What the task asks >> Somewhere below is a line with "3110 S Cameron Ave, Tyler, TX 75701" and, later, a line with "Certified 2026 Volvo"; repeat those two lines and all the lines between them, exactly as they are.

Source records >>

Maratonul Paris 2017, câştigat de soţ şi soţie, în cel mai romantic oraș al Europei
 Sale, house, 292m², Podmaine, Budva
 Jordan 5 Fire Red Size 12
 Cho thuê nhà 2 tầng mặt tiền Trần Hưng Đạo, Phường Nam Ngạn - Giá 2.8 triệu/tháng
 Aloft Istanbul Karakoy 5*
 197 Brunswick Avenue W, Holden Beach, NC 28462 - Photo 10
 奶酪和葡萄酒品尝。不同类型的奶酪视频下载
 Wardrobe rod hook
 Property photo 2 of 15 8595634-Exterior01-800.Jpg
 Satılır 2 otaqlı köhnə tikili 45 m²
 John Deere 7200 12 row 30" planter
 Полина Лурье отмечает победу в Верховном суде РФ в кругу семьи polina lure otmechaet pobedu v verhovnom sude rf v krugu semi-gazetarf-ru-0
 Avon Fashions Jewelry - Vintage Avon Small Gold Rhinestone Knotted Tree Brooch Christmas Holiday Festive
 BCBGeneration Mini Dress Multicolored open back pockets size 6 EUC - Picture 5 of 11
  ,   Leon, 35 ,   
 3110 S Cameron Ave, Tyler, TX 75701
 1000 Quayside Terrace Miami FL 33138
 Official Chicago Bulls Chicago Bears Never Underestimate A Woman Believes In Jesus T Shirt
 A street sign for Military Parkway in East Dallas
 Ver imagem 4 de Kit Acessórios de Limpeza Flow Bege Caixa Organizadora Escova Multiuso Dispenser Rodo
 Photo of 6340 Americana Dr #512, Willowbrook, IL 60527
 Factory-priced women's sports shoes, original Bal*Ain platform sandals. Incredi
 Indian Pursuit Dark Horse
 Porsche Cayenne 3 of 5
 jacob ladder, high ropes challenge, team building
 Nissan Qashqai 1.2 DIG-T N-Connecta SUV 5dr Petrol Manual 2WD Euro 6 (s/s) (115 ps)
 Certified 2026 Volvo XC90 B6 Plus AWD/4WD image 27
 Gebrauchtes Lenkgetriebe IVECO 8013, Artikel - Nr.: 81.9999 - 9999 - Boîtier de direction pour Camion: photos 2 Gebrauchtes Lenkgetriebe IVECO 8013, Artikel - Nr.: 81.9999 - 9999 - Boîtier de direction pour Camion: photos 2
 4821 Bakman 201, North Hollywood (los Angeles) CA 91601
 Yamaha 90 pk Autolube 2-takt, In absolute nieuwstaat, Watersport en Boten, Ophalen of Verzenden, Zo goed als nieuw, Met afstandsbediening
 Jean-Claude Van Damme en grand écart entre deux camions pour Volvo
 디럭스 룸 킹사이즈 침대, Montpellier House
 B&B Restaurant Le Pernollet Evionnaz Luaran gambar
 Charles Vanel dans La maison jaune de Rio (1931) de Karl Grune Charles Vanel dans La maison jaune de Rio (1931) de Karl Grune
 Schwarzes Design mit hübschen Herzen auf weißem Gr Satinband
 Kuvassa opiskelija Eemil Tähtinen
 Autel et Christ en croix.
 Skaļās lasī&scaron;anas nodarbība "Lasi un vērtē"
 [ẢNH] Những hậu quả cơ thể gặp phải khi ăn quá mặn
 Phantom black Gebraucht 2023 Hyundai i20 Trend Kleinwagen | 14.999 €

Exercise output >>
 3110 S Cameron Ave, Tyler, TX 75701
 1000 Quayside Terrace Miami FL 33138
 Official Chicago Bulls Chicago Bears Never Underestimate A Woman Believes In Jesus T Shirt
 A street sign for Military Parkway in East Dallas
 Ver imagem 4 de Kit Acessórios de Limpeza Flow Bege Caixa Organizadora Escova Multiuso Dispenser Rodo
 Photo of 6340 Americana Dr #512, Willowbrook, IL 60527
 Factory-priced women's sports shoes, original Bal*Ain platform sandals. Incredi
 Indian Pursuit Dark Horse
 Porsche Cayenne 3 of 5
 jacob ladder, high ropes challenge, team building
 Nissan Qashqai 1.2 DIG-T N-Connecta SUV 5dr Petrol Manual 2WD Euro 6 (s/s) (115 ps)
 Certified 2026 Volvo XC90 B6 Plus AWD/4WD image 27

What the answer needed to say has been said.